Dresde, 6 août 1736.



Monseigneur

La très-gracieuse lettre dont Votre Altesse Royale m'a honoré, et par laquelle elle me marquait son départ pour la Prusse, m'ayant fait suspendre l'envoi des cahiers de ma traduction, j'ai profité de cet intervalle pour parcourir ce pays, afin de renouveler quelques anciennes connaissances. Qu'il est triste, monseigneur, à un certain âge, d'être réduit à chercher un établissement! Mais notre philosophe m'apprenant que tout ce qui arrive a sa raison suffisante, et que je ne dois être surpris de rien, je me résigne, en prenant le meilleur parti qui me reste à prendre, c'est-à-dire, de me conduire de façon à n'avoir jamais rien à me reprocher. J'ai connu un grand joueur de trictrac qui, après les coups les plus piquants et les plus capables de désespérer, avait coutume de dire avec le plus grand sang-froid du monde : « Que voulez-vous? cela est dans les dés. » Effectivement, a-t-on jamais raison de prendre si fort à cœur ce qui ne dépend pas de nous, ou de désirer si fortement ce qu'on ne saurait trouver en soi-même?

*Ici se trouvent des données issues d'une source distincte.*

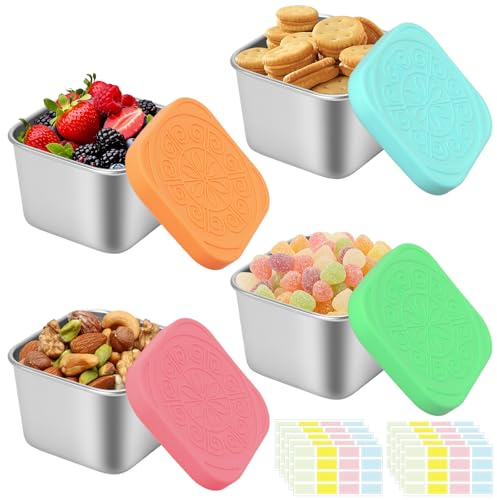 MOSTFUN 4 Pack 6oz Stainless Steel Small Food Containers with Silicone Lids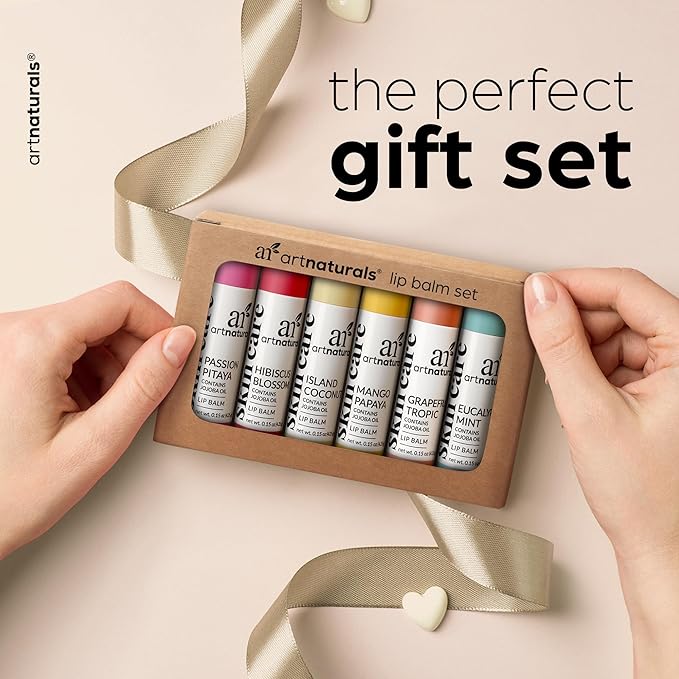 ArtNaturals Organic Beeswax Lip Balm Gift Set - Assorted Flavors with Aloe, Coconut & Jojoba Oils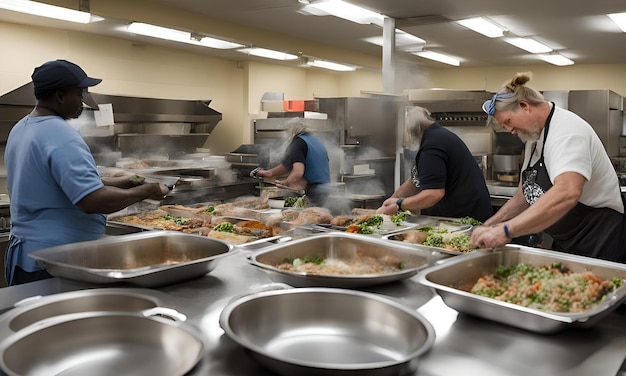 a kitchen with many trays of food including food and a sign that says cook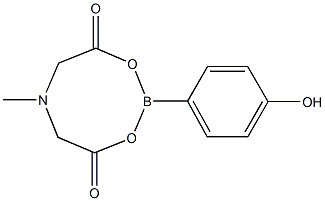 2-(4-Hydroxyphenyl)-6-methyl-1,3,6,2-dioxazaborocane-4,8-dione 化学構造式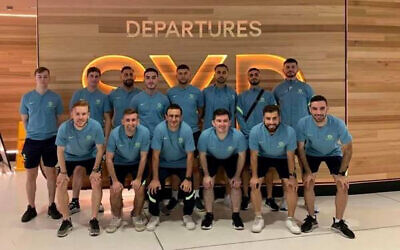 The Futsalroos squad at Sydney Airport last Sunday.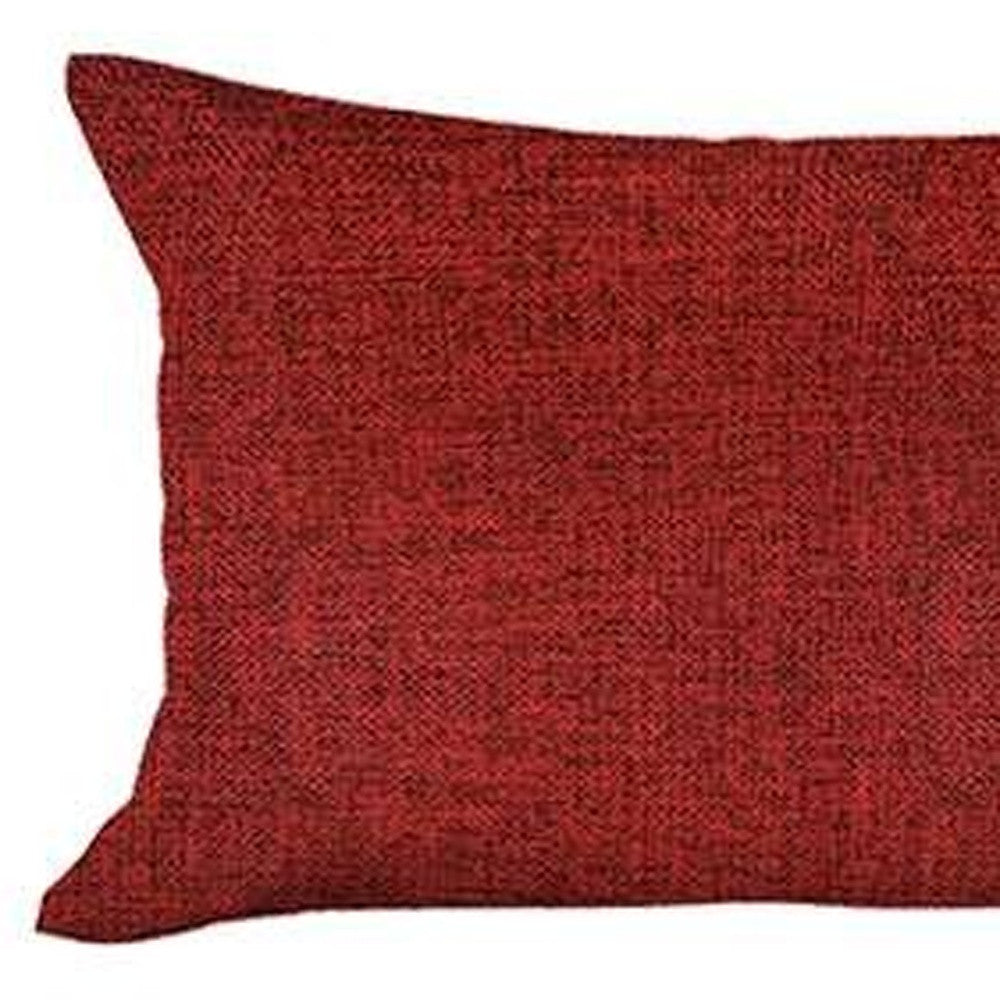 Set Of 4 Red Jacquard Lumbar Pillow Covers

Si je ne savais bien que j'écris au Marc-Antonin de nos jours, je ne penserais pas à l'entretenir si longtemps de moi, aimant bien mieux l'entretenir de lui-même. Mais quelque plaisir que j'y trouve, monseigneur, il faut bien y renoncer, puisque votre modestie semble n'y trouver que des raisons de vous humilier davantage.

J'ai l'honneur de vous envoyer aujourd'hui une continuation de Wolff, espérant que cette lettre arrivera vers le retour de V. A. R., et désirant ardemment que ce paquet la trouve en parfaite santé.

Je suis, etc.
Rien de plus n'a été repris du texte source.